BURLINGTON - If you thought the Church Street smoking ban debate was over, think again. One city councilor is floating the idea of putting the decision in voters' hands.
Following a November 26 city council vote not to pursue a smoking ban on the Marketplace, Councilor Joan Shannon (D-Ward 5) posted comments on her community Front Porch Forum - a neighborhood email listserv - asking her constituency if they would be interested in making the decision themselves. "If there was interest, I would also be supportive of placing the issue on the ballot and letting the voters decide what kind of environment they want on the Marketplace," Shannon's posting reads.
By an 8-5 margin, the council shot down Councilor Ed Adrian's (D-Ward 1) original proposal asking the Marketplace Commission to hear public testimony on the issue.
Shannon says she has heard mixed reactions to the council's decision and wants to "take the pulse of the community" before canning the idea altogether. "I think it's worth a conversation, and I think it's unfortunate that the resolution got voted down," she says, stressing that Adrian's proposal was not an outright ban but an attempt to start a dialogue. "We need to stay in touch with where people are on this issue," Shannon says.

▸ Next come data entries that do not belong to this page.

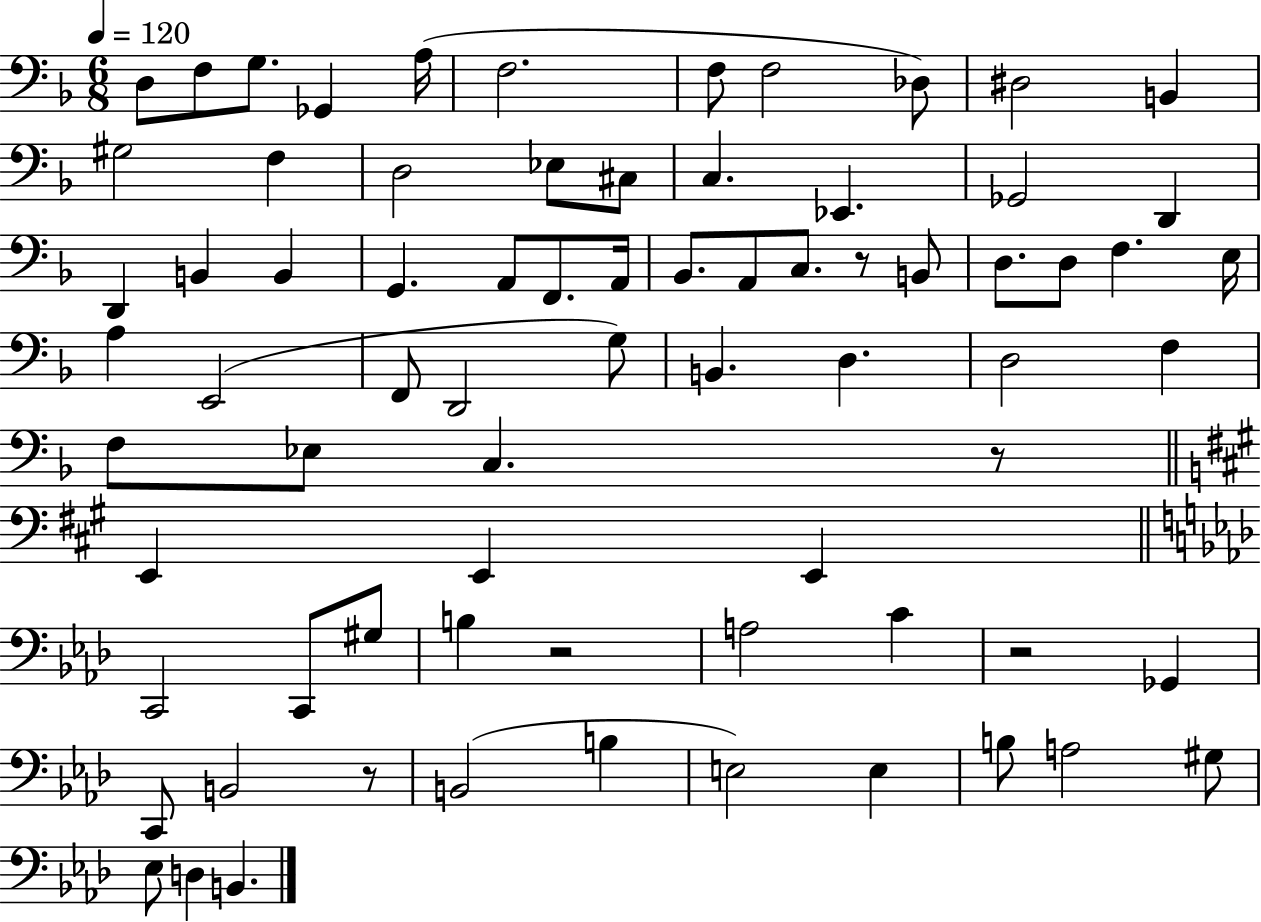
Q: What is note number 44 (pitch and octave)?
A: F3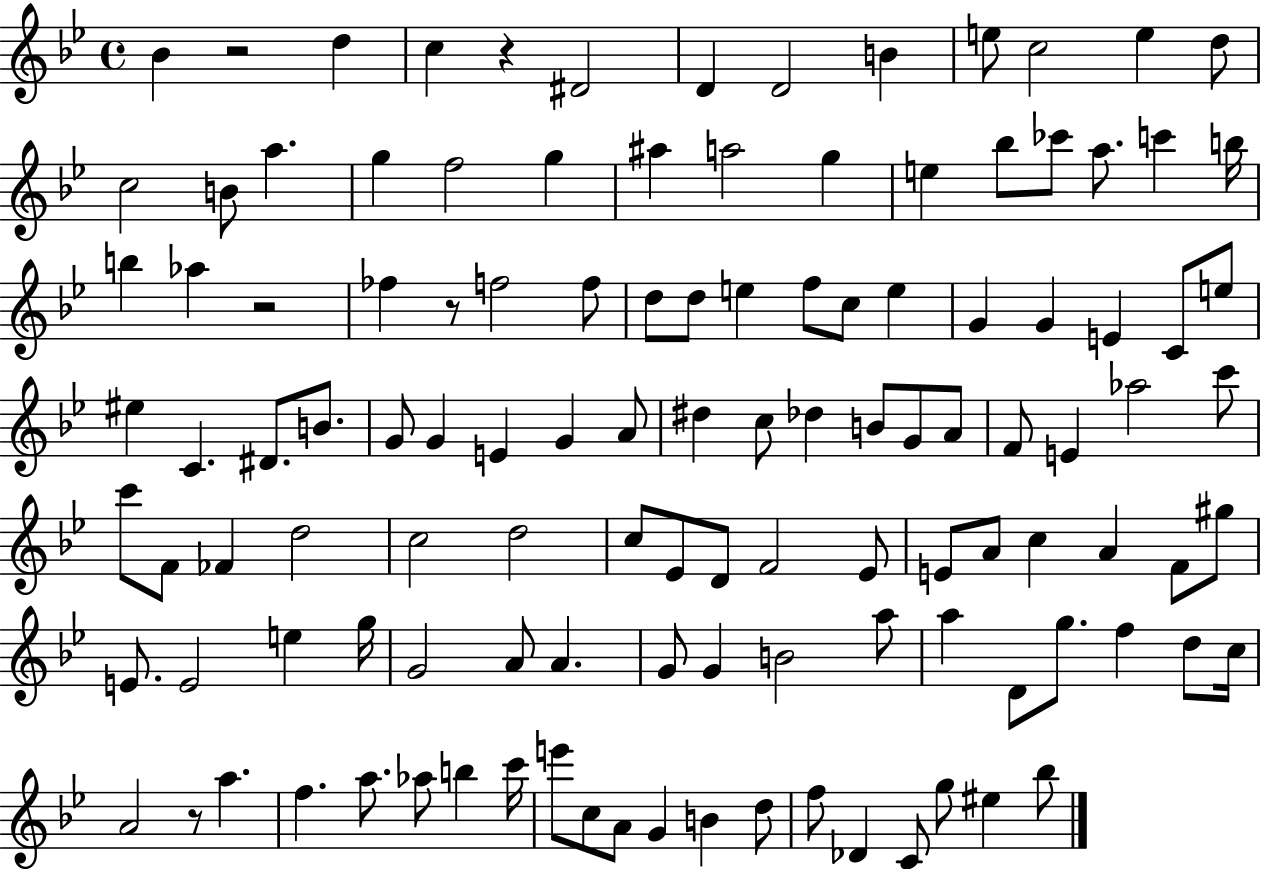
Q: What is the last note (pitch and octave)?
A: Bb5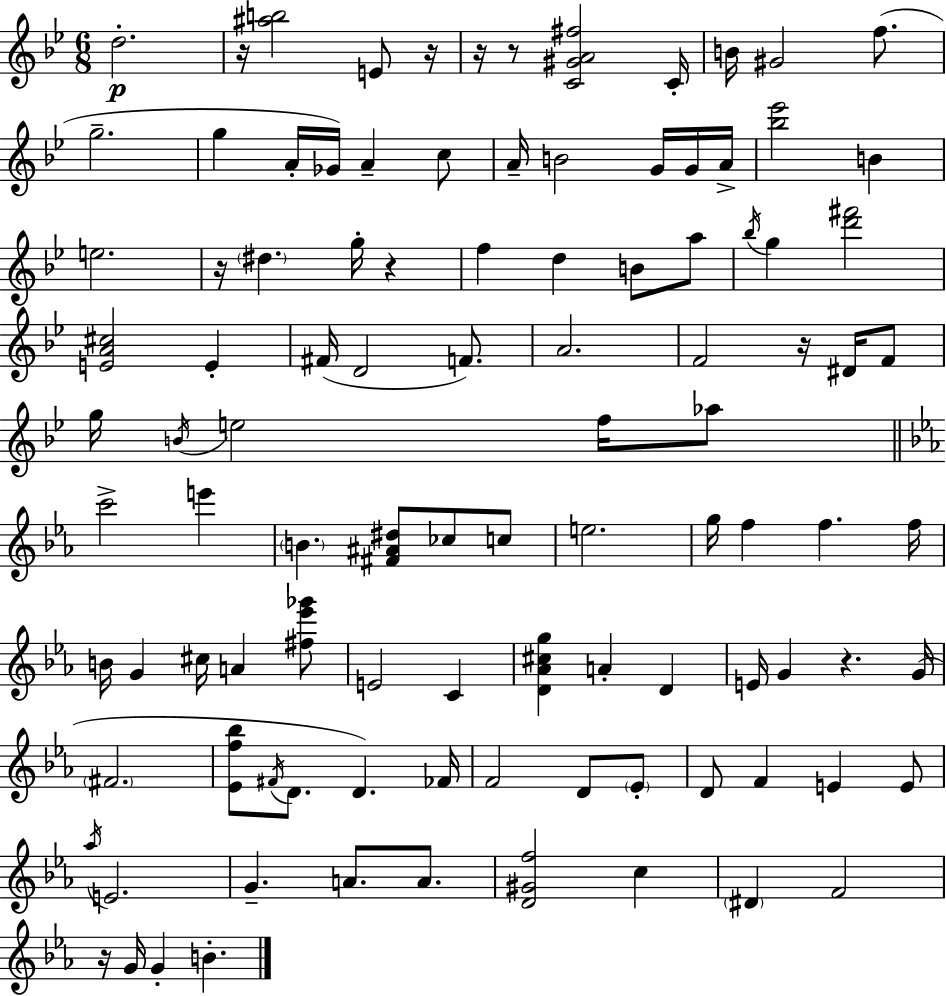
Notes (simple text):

D5/h. R/s [A#5,B5]/h E4/e R/s R/s R/e [C4,G#4,A4,F#5]/h C4/s B4/s G#4/h F5/e. G5/h. G5/q A4/s Gb4/s A4/q C5/e A4/s B4/h G4/s G4/s A4/s [Bb5,Eb6]/h B4/q E5/h. R/s D#5/q. G5/s R/q F5/q D5/q B4/e A5/e Bb5/s G5/q [D6,F#6]/h [E4,A4,C#5]/h E4/q F#4/s D4/h F4/e. A4/h. F4/h R/s D#4/s F4/e G5/s B4/s E5/h F5/s Ab5/e C6/h E6/q B4/q. [F#4,A#4,D#5]/e CES5/e C5/e E5/h. G5/s F5/q F5/q. F5/s B4/s G4/q C#5/s A4/q [F#5,Eb6,Gb6]/e E4/h C4/q [D4,Ab4,C#5,G5]/q A4/q D4/q E4/s G4/q R/q. G4/s F#4/h. [Eb4,F5,Bb5]/e F#4/s D4/e. D4/q. FES4/s F4/h D4/e Eb4/e D4/e F4/q E4/q E4/e Ab5/s E4/h. G4/q. A4/e. A4/e. [D4,G#4,F5]/h C5/q D#4/q F4/h R/s G4/s G4/q B4/q.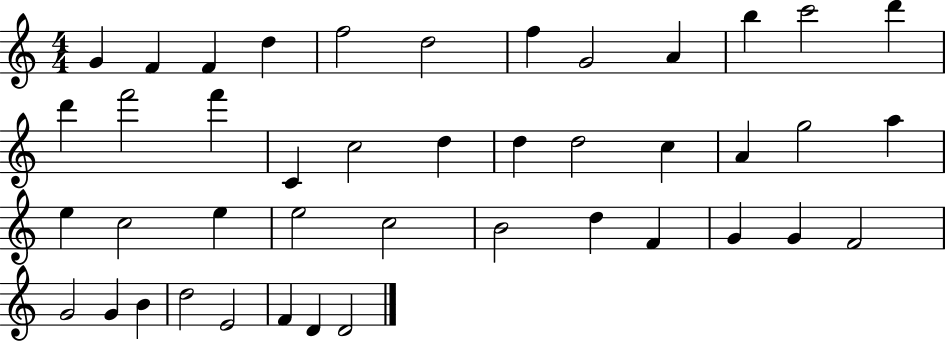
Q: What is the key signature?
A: C major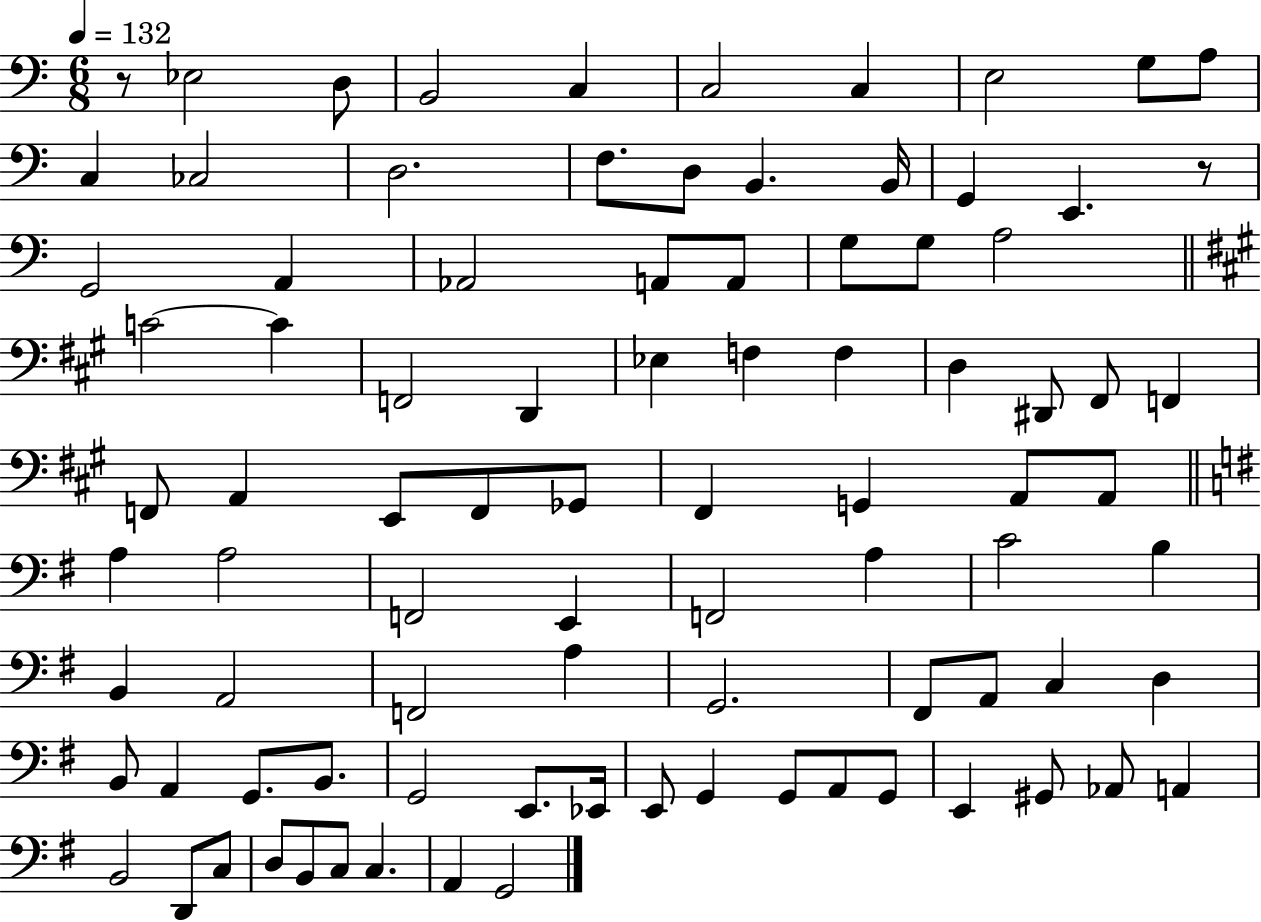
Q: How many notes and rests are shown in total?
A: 90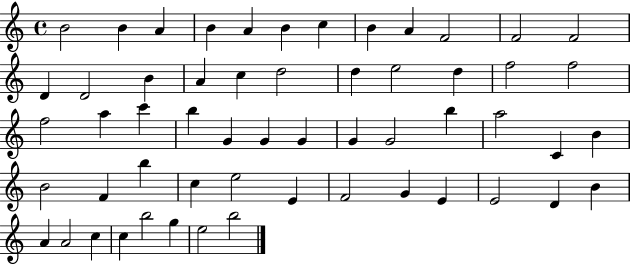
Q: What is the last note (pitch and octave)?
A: B5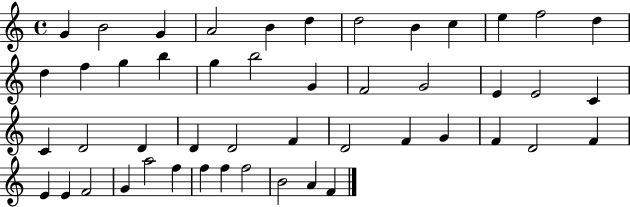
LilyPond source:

{
  \clef treble
  \time 4/4
  \defaultTimeSignature
  \key c \major
  g'4 b'2 g'4 | a'2 b'4 d''4 | d''2 b'4 c''4 | e''4 f''2 d''4 | \break d''4 f''4 g''4 b''4 | g''4 b''2 g'4 | f'2 g'2 | e'4 e'2 c'4 | \break c'4 d'2 d'4 | d'4 d'2 f'4 | d'2 f'4 g'4 | f'4 d'2 f'4 | \break e'4 e'4 f'2 | g'4 a''2 f''4 | f''4 f''4 f''2 | b'2 a'4 f'4 | \break \bar "|."
}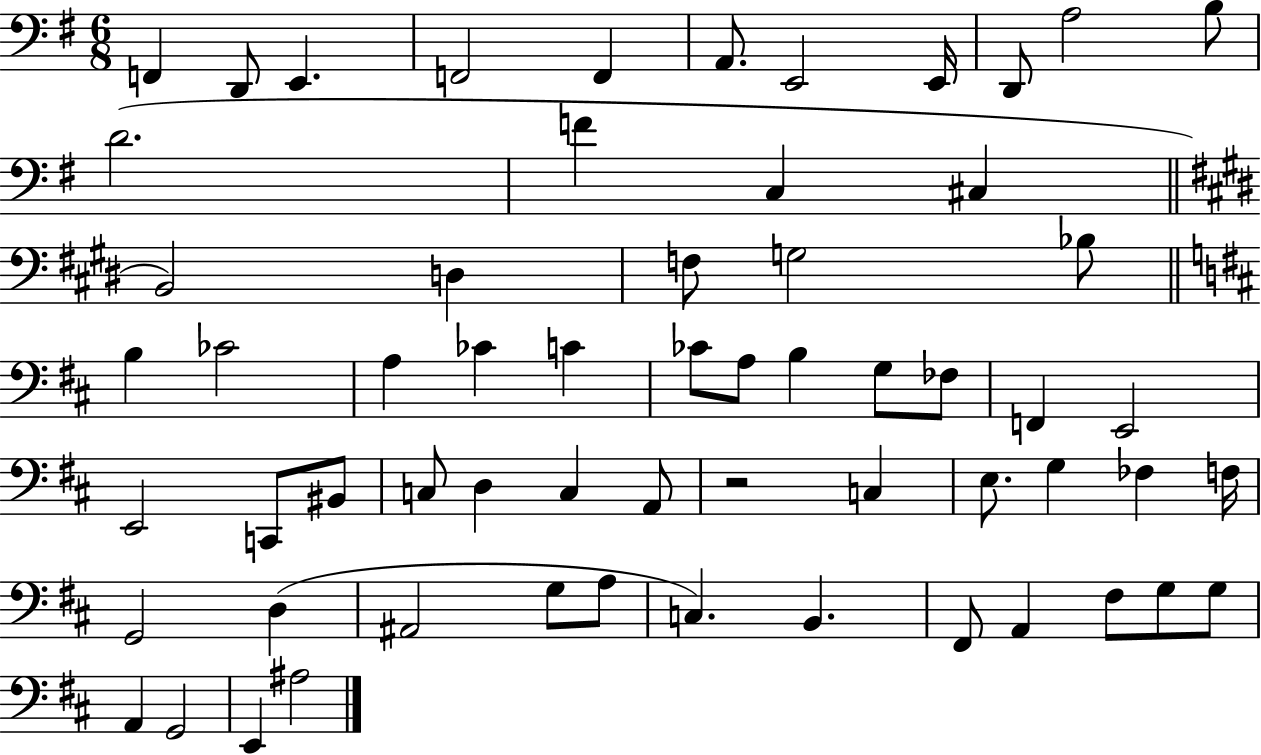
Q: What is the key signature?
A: G major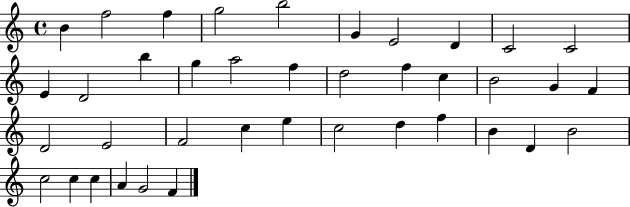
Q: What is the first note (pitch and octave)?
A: B4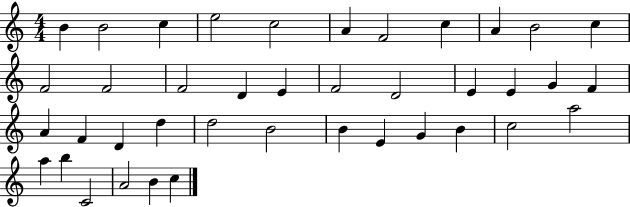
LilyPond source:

{
  \clef treble
  \numericTimeSignature
  \time 4/4
  \key c \major
  b'4 b'2 c''4 | e''2 c''2 | a'4 f'2 c''4 | a'4 b'2 c''4 | \break f'2 f'2 | f'2 d'4 e'4 | f'2 d'2 | e'4 e'4 g'4 f'4 | \break a'4 f'4 d'4 d''4 | d''2 b'2 | b'4 e'4 g'4 b'4 | c''2 a''2 | \break a''4 b''4 c'2 | a'2 b'4 c''4 | \bar "|."
}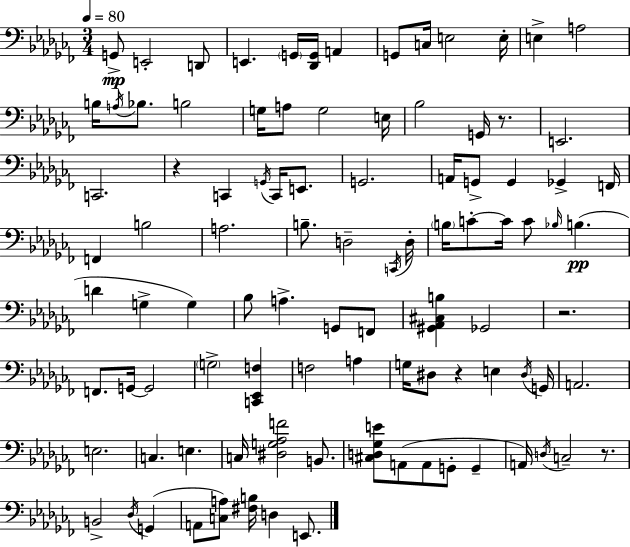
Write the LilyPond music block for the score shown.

{
  \clef bass
  \numericTimeSignature
  \time 3/4
  \key aes \minor
  \tempo 4 = 80
  g,8->\mp e,2-. d,8 | e,4. \parenthesize g,16 <des, g,>16 a,4 | g,8 c16 e2 e16-. | e4-> a2 | \break b16 \acciaccatura { a16 } bes8. b2 | g16 a8 g2 | e16 bes2 g,16 r8. | e,2. | \break c,2. | r4 c,4 \acciaccatura { g,16 } c,16 e,8. | g,2. | a,16 g,8-> g,4 ges,4-> | \break f,16 f,4 b2 | a2. | b8.-- d2-- | \acciaccatura { c,16 } d16-. \parenthesize b16 c'8-.~~ c'16 c'8 \grace { bes16 }\pp b4.( | \break d'4 g4-> | g4) bes8 a4.-> | g,8 f,8 <gis, aes, cis b>4 ges,2 | r2. | \break f,8. g,16~~ g,2 | \parenthesize g2-> | <c, ees, f>4 f2 | a4 g16 dis8 r4 e4 | \break \acciaccatura { dis16 } g,16 a,2. | e2. | c4. e4. | c16 <dis g aes f'>2 | \break b,8. <cis d ges e'>8 a,8( a,8 g,8-. | g,4-- a,16) \acciaccatura { d16 } c2-- | r8. b,2-> | \acciaccatura { des16 } g,4( a,8 <c a>8) <fis b>16 | \break d4 e,8. \bar "|."
}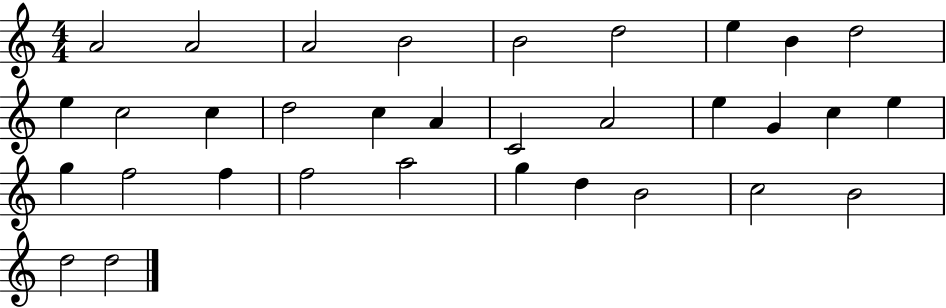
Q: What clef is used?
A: treble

There are two ways a referendum item can make its way onto the ballot. The council can vote it on, or residents can write it onto the ballot themselves by signing a petition. Shannon says it would take about 2000 signatures to get the smoking ban on the ballot.
"I would support any measure that brings this question to the people," says Adrian.
Interestingly, Councilor Paul Decelles (R-Ward 7) - who voted against the original measure - says he would back a referendum item, but only if it came from the people. Though he disagrees with a ban, Decelles says he supports "the democratic process of the citizenry doing this."
Shannon says she's heard from people on both sides of the issue and doesn't expect to get the question on the ballot this coming March. But she's not ruling out the possibility of a future referendum if public support swings toward a ban. "With an issue like this, you have to wait till the time is right," she notes. "If you had tried to ban smoking in bars 20 years ago, people would have told you that is absolutely ridiculous."